■ **EXERCISE DATA**:
☆ ☆ ☆
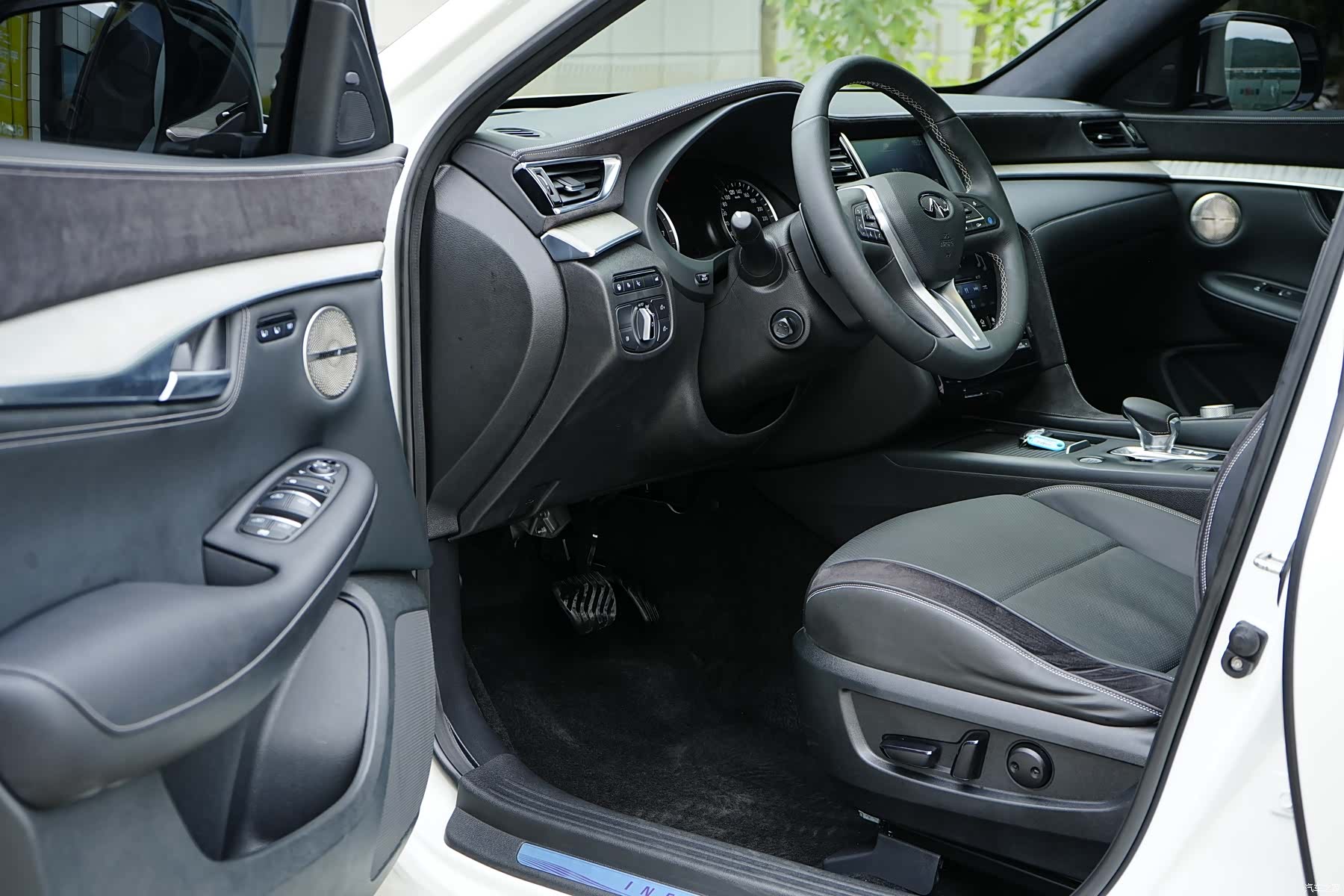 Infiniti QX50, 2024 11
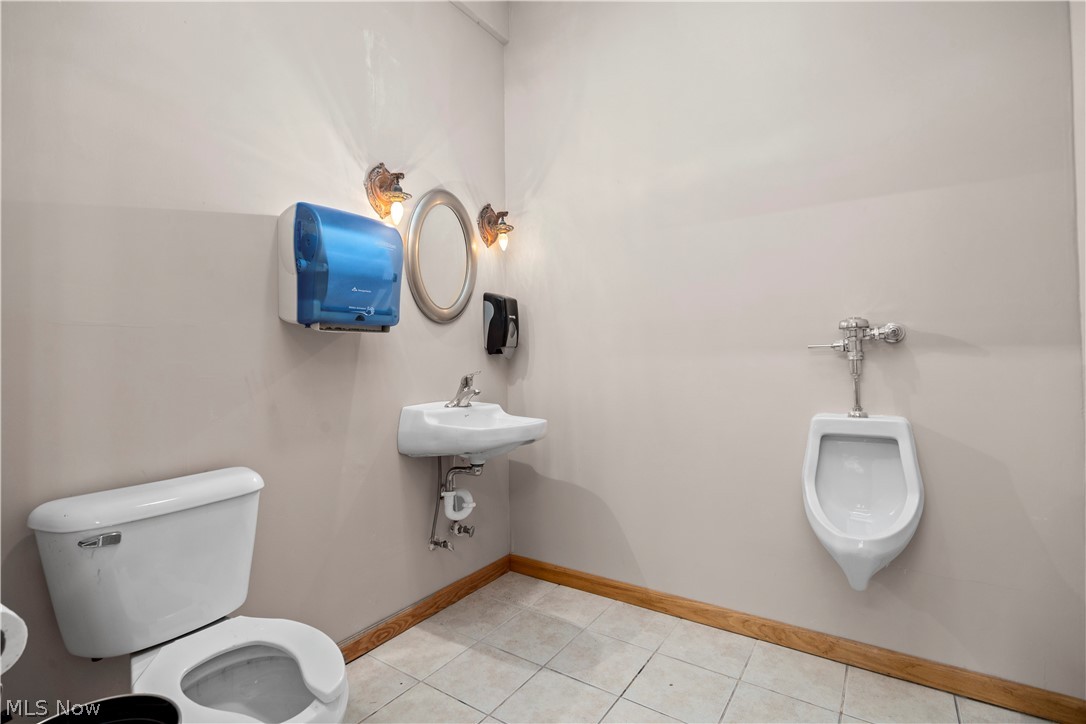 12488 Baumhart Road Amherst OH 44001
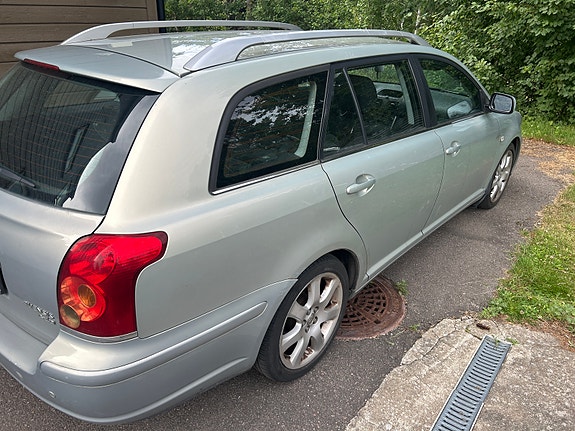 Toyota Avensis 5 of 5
☆ ☆ ☆
■ **EXERCISE**:
Retype the whole listing word for word. Skip the pictures.

■ **ANSWER TO THE EXERCISE**:
 Infiniti QX50, 2024 11
 12488 Baumhart Road Amherst OH 44001
 Toyota Avensis 5 of 5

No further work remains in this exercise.